Quando era miúdo, às vezes tinha dificuldade em adormecer porque sofria - parece-me agora mas na altura não sabia - de vertigens. Sentia o escuro a aproximar-se a a afastar-se e ficava muito inquieto; o mesmo sentimento de inquietude era-me provocado por um sonho recorrente em que estava rodeado de bolas que não paravam de pinchar, algo que me deixava, também, muito inquieto.
Com o passar do tempo fui aprendendo que se ficasse quieto e calado, durante algum tempo, que às vezes era bastante, as coisas voltavam ao normal e acalmava.

Isto nunca me abandonou.

O que me parece, agora, é que a verdade era inversa à aparência. Não era o escuro que se aproximava nem afastava, era eu dele; não eram as bolas que não paravam de pinchar, era eu.
O desassossego era meu. O desassossego é meu.
A resposta a este estado, contudo, mantém-se mais ou menos o mesmo: ficar quieto e calado durante o tempo que conseguir; esperar que tudo acalme até à próxima vez em que acontecer.
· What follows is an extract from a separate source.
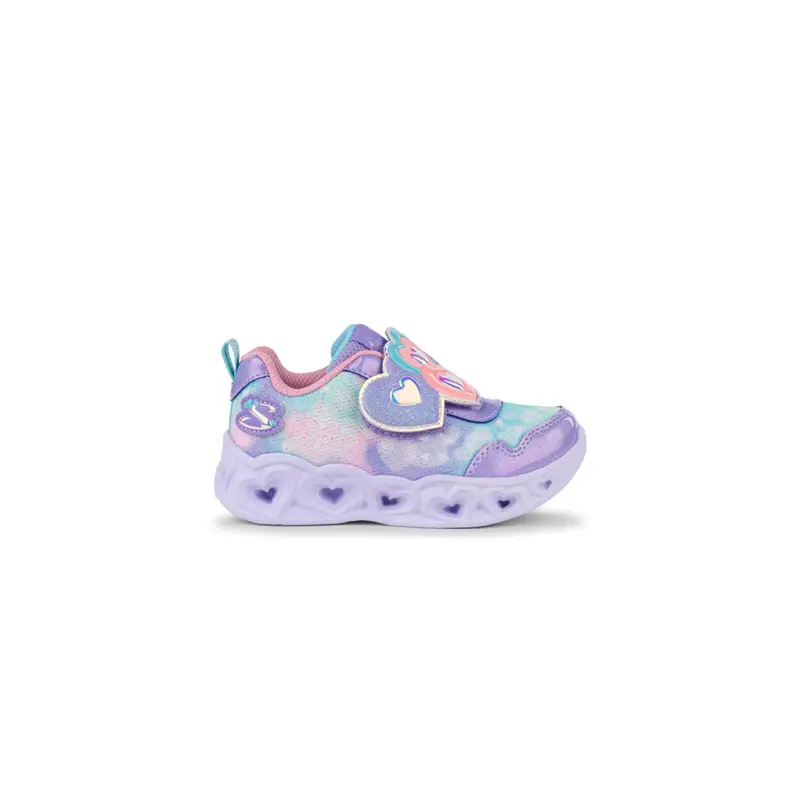 Sneakers bambina viola da ginnastica Heart Lights - Lovin Reflection con luci e velcro con cuori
O que acontece, de vez em quando, é que não me é possível ficar quieto e quando isso acontece é pouco recomendável. Deixo de ter noção, concreta, da realidade e do que se precisa para passar a cavalgar a onda da insatisfação.
Já estive perto de ser alcoólico; já fui embora durante mais de um mês; já me deitei em todas as camas que consegui enquanto isto durava; já bati em quem me apareceu à frente; já parti árvores à força bruta; já destruí coisas que me poderiam ter feito bem, caso tivesse encontrado as estribeiras.

Hoje, quando não consigo sedar-me à base de silêncio, tento, pelo menos, conter; tento definir um hiato temporal em que me permito queimar tudo o que me apetece queimar; um período curto porque, contrariamente à maioria, não tendo a cansar-me mas a habituar-me à degradação e a Baco.

O tempo que defini para arder terminou há pouco e hoje estou, outra vez, muito inquieto...por isso estar muito quieto...
Hoje, contra tudo o que gosto de fazer neste dia de merda, vou rebentar-me em desporto para ver se durmo porque quero apagar. Não devo andar. Não devo descontrolar. Não devo regressar. E posso tudo isto e quando posso tendo a fazer.

Há uma cena que me marcou o cérebro em que um gajo, depois de ter perdido o que não queria ter perdido, despediu-se da última réstea de ligação ao mundo que tinha e, quando acordou (literalmente) ficou estarrecido a olhar para o tecto, ressacado e rodeado por três gajas que, como ele, estavam nuas; levantou-se e foi buscar cerveja.